Patriarch Kirill of Moscow and All Rus’ said in 2019: “Today we are building approximately three churches per day, per 24 hours.”
► The Russian Orthodox Church (ROC) is building more and more new churches—30,000 in the past ten years, according to Patriarch Kirill. It has also steadily claimed and received the property rights to historical church buildings that have for decades served as public museums. Among the donors to the ROC are some of Russia’s largest corporations.
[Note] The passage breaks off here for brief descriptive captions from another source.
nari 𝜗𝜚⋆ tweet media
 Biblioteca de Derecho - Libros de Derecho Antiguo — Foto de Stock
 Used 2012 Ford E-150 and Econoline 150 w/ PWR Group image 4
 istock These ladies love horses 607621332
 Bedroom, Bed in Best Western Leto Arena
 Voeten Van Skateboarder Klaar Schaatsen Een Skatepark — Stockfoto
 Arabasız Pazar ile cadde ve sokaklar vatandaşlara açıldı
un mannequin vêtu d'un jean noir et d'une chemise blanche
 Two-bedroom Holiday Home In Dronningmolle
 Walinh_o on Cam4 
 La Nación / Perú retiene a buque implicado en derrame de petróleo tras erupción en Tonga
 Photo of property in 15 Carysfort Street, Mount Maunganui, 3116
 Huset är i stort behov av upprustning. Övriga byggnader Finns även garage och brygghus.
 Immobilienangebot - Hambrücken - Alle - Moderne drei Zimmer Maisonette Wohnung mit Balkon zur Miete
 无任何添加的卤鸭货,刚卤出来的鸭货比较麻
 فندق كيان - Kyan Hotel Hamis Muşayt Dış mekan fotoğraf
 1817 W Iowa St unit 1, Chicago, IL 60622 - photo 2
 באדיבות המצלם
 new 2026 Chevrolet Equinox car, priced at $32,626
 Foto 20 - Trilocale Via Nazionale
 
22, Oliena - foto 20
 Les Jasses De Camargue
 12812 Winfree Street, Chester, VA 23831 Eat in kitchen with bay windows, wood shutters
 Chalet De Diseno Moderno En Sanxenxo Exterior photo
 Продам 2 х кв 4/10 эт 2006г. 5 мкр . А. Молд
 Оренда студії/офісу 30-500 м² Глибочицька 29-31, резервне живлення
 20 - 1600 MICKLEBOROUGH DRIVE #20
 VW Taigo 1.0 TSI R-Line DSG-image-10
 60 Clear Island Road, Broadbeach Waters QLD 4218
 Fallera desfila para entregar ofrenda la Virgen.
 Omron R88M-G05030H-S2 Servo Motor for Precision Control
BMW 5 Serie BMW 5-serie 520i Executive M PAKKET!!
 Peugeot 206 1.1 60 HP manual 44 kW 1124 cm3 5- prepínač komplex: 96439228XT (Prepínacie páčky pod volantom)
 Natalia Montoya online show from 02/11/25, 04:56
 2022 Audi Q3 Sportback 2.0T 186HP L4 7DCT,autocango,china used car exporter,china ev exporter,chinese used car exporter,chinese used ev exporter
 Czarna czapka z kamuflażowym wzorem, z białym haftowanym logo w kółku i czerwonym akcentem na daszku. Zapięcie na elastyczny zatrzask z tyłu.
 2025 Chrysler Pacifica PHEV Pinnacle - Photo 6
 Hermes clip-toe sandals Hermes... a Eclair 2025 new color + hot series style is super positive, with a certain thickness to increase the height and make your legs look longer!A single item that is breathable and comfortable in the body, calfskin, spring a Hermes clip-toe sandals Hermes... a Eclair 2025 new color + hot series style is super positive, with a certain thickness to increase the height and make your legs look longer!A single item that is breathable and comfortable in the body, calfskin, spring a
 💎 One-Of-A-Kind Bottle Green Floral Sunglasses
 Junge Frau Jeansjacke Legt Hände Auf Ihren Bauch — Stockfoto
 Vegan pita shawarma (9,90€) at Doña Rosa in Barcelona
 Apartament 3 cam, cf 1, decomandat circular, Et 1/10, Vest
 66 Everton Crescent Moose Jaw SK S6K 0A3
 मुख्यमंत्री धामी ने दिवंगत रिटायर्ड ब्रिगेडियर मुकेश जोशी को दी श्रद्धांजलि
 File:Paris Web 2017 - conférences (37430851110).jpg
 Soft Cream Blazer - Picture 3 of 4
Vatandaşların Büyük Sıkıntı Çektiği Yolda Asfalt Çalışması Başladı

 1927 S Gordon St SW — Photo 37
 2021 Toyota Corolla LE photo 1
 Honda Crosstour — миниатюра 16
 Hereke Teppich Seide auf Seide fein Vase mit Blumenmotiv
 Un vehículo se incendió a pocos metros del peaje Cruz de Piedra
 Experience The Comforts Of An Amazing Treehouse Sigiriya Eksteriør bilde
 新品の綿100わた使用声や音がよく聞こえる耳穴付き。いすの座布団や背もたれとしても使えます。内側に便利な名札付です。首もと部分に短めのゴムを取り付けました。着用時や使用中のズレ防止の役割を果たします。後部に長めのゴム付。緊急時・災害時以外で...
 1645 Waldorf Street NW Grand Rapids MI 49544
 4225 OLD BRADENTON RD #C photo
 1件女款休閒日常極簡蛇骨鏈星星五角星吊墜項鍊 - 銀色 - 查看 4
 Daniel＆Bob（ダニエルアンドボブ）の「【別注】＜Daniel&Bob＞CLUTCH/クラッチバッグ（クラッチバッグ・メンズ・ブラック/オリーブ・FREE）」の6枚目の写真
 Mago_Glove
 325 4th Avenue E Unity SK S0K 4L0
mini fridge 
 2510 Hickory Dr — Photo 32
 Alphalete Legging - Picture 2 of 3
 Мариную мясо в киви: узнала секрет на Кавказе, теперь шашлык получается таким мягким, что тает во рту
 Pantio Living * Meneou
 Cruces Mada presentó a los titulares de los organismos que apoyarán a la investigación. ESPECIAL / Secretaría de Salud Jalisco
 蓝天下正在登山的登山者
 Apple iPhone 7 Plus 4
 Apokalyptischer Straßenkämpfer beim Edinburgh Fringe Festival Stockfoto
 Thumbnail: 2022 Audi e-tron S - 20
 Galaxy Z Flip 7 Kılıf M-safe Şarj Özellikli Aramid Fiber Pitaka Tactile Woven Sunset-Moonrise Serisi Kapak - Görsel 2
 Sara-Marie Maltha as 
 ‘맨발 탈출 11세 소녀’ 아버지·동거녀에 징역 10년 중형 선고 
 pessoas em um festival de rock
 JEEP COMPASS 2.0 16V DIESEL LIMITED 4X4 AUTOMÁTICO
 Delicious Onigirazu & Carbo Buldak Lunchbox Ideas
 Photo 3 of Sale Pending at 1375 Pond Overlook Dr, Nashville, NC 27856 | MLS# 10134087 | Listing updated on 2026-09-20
The Kremlin has used the ROC as an important ideological resource, while the Russian people have listed the ROC among the most trusted institutions in Russia—behind the armed forces, the president, and the Federal Security Service.
But while the ROC enjoys trust as an institution, when it comes to moral or cultural issues such as abortion, school education, or art, the Church’s interference is not especially appreciated, and its opinions remain largely unheeded. When asked in a public opinion survey which school subjects they deem most important, the Russian people ranked religious education at the very bottom of the list. The ROC’s attempt to extend religious instruction to students at all grade levels has failed quite spectacularly; it is currently taught only in fourth grade, and even then it is not an obligatory subject.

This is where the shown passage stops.